Oh, and I adore this site-- it is so useful!!


----------



## Cha

Déjà s'utilise pour la forme affirmative. "Es -tu déjà allé à Paris" "Oui, je suis déjà allé à Paris".
Jamais s'utilise pour la form négative. "Non je ne suis jamais allé à Paris".

Explication sans doute incomplète!


----------



## Ollo

C'est en effet "déjà". As-tu jamais visité Paris peut se dire aussi mais c'est old-fashioned.

(In French you should say "Merci par avance")


----------



## Sharrow

Please could you tell me if *déjà* and *jamais* are always interchangeable, when they mean 'ever' ?

tu lui as déjà parlé ? / tu lui as jamais parlé ? - have you ever spoken to him ?

Thank you


----------



## pieanne

I'd say yes, they are...


----------



## Aristide

As I see it :

tu lui as déjà parlé ?
= did you tell him about it ?

ça t'est déjà arrivé de lui parler ? 
= have you ever spoken to him ?

Tu ne lui a jamais parlé ? 
= have you never spoken to him ?


----------



## pieanne

I think that, *to translate "ever",* you can use either "déjà" or "jamais".
The other uses of "déjà" and "jamais" are quite different


----------



## weefoot

I don't think they are always interchangeable.
The two questions are slightly different, at least in every day language, because you expect a different answer.
"Tu lui as jamais parlé ?" is understood as "So, you've never spoken to him ?"
whereas "tu lui as déjà parlé ?" is "Have you ever talked to him", or, according to the context, "have you talked to him, yet ?"


----------



## pieanne

In my opinion, "tu (ne) lui as jamais parlé?" doesn't correspond to "have you ever talked to him?"
The latter could be translated either by "lui as-tu jamais/déjà parlé" ( = une fois dans ta vie)


----------



## Aristide

Another try :

tu lui as jamais parlé ? (normal every day french)
= tu ne lui as jamais parlé ?
= have you never spoken to him ?

Lui as-tu jamais parlé ? (a sentence you could find in an old book)
= Lui as-tu déjà parlé ?
= have you ever spoken to him ?

--
Theoretically, "tu lui as jamais parlé ?" could be ambiguous

because you cannot be sure whether jamais is used as a negative (never) 
with the meaning: - tu ne lui as jamais parlé ?

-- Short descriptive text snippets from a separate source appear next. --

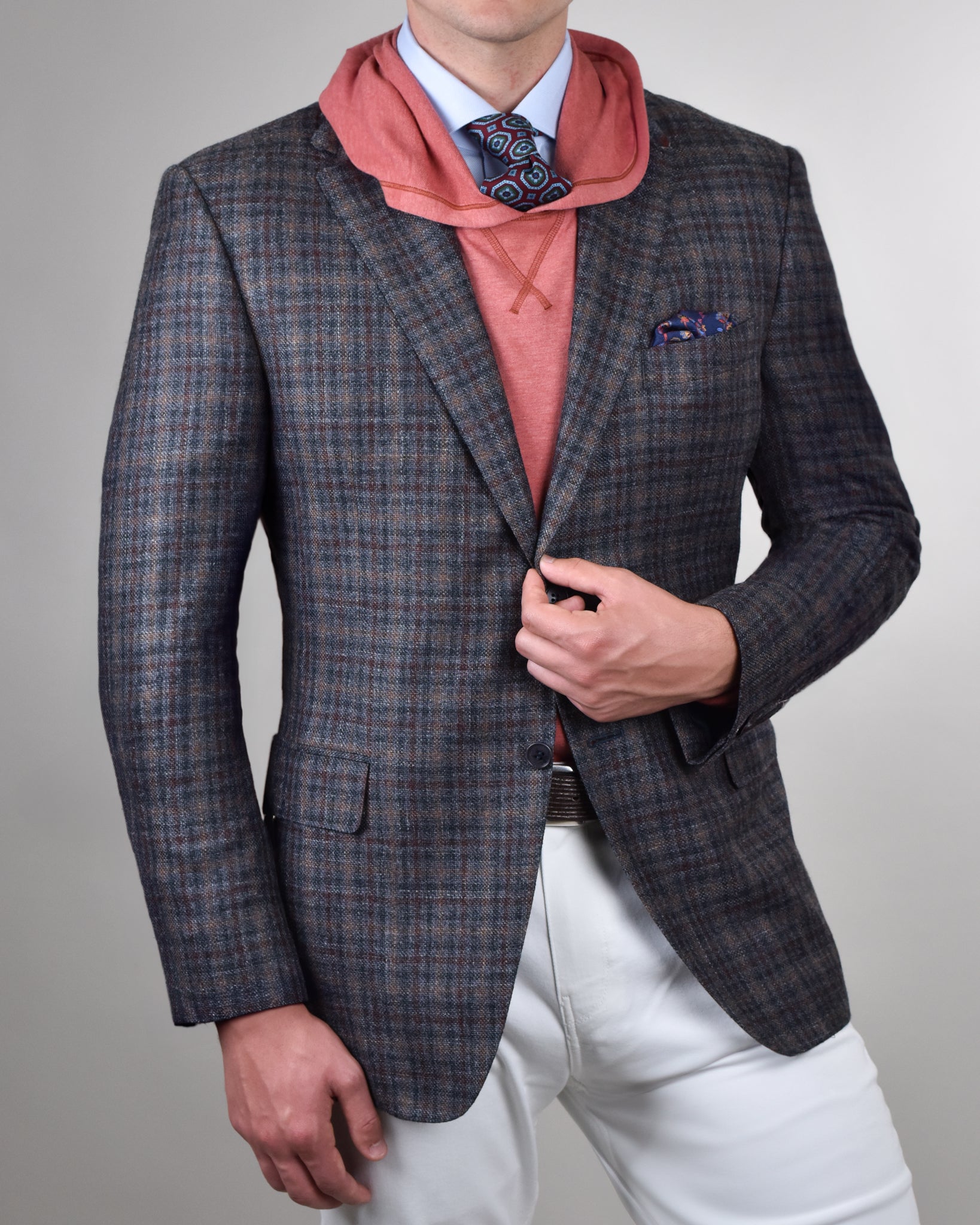 Canali Grey Checked Sport Coat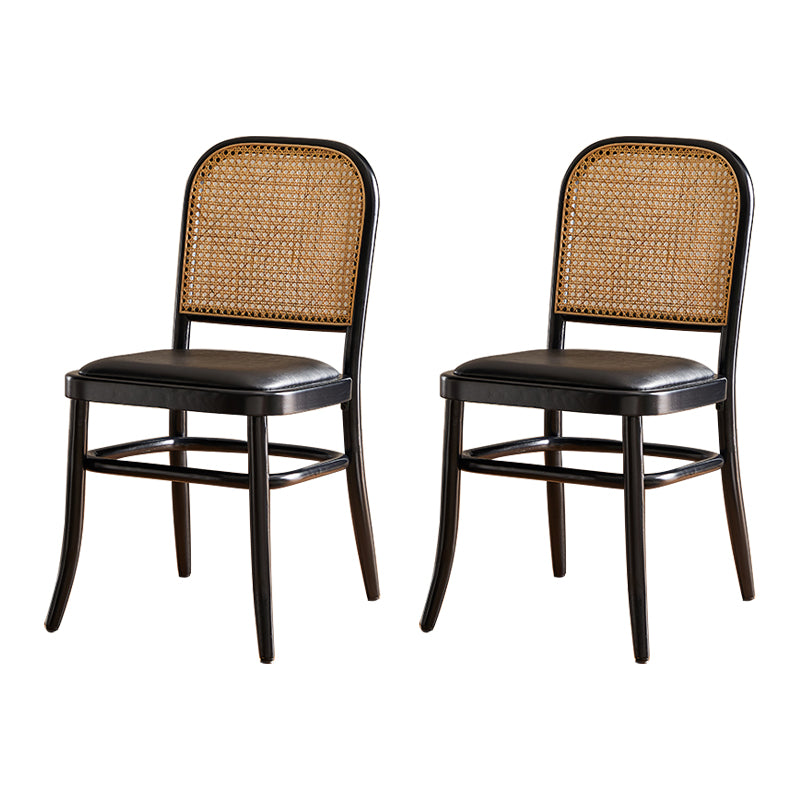 Silla de madera maciza de estilo tradicional, sillas laterales de comedor con respaldo abierto para cocina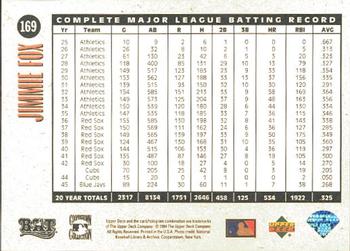1994 Upper Deck All-Time Heroes #169 Jimmie Foxx Back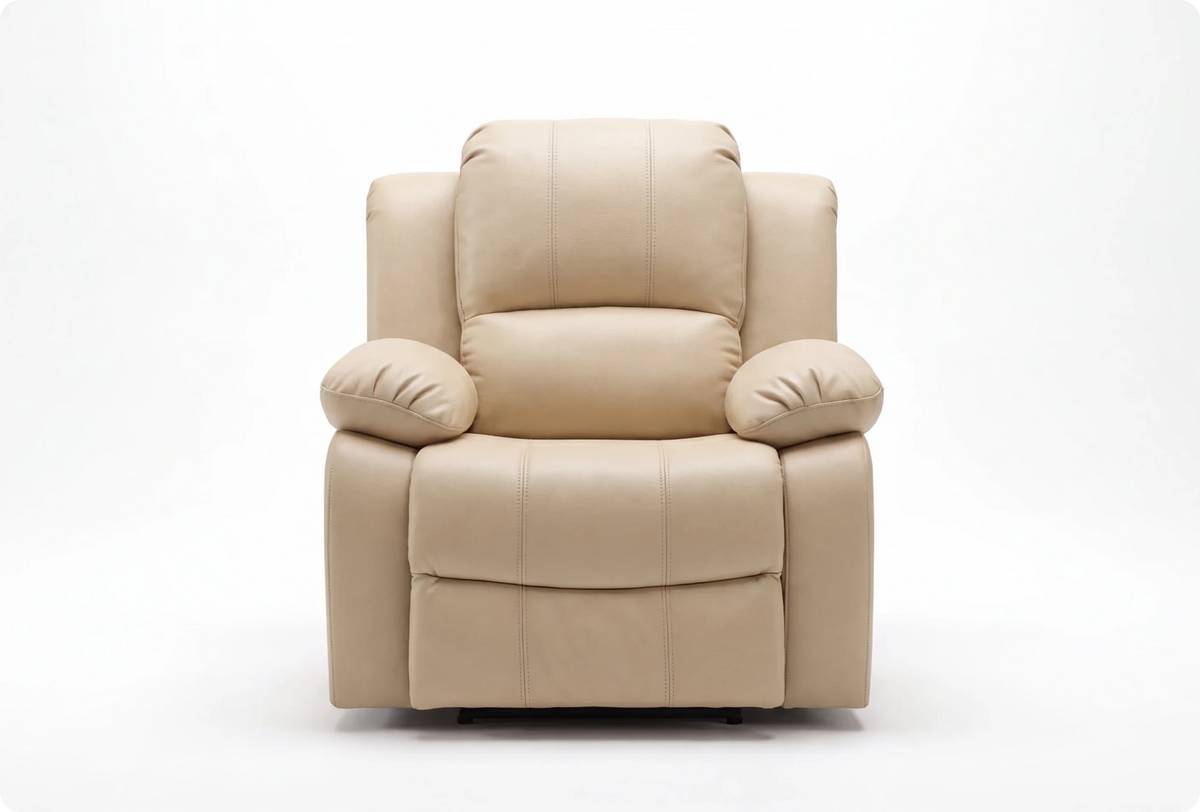 York Cream Leather Manual Recliner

or whether jamais is used in the sense of ever, some time
with the meaning: - lui as-tu déjà parlé ?

However, in the real world, if you say "tu lui as jamais parlé ?"  in casual familiar conversation,
"jamais" will be understood as the contrary of déjà. It will mean NEVER.
(déjà means it has already been done at least once).
(never means it has never been done)

However, you could still say that jamais and never are interchangeable, because there isn't a huge difference between the 2 questions:  have you ever / have you never spoken to him ?


----------



## Malcolm X

I thought "jamais" was what French people normally used in such situations. I remember striking up a conversation with a Frenchman who was visiting my country. He immediately asked me, "Avez-vous jamais été en France ?" I would have expected him to say, "Avez-vous été en France ?" or "Avez-vous déjà été en France ?" though.


----------



## OLN

Il y a déjà plusieurs discussions sur ce sujet :
[…]
jamais / déjà - forum Français Seulement


----------



## Oddmania

Malcolm X said:


> "Avez-vous jamais été en France ?"


I must admit I can't imagine saying this. It sounds like a conversation between Hercule Poirot and Miss Lemon. A more natural alternative in everyday conversation would be _"Est-ce que vous êtes déjà allé en France ?"_. _Jamais_, combined with the inversion-style question, sounds very formal and literary (but charming) to me.


----------



## Malcolm X

Thank you so much! Now I know what French people say spontaneously and naturally: _Est-ce que vous êtes déjà allé en (name of country) ?_
Would _Est-ce que vous avez déjà été en (name of country) ?_ be just as natural and normal?


----------



## Oddmania

Yes, it comes down to the same thing.


----------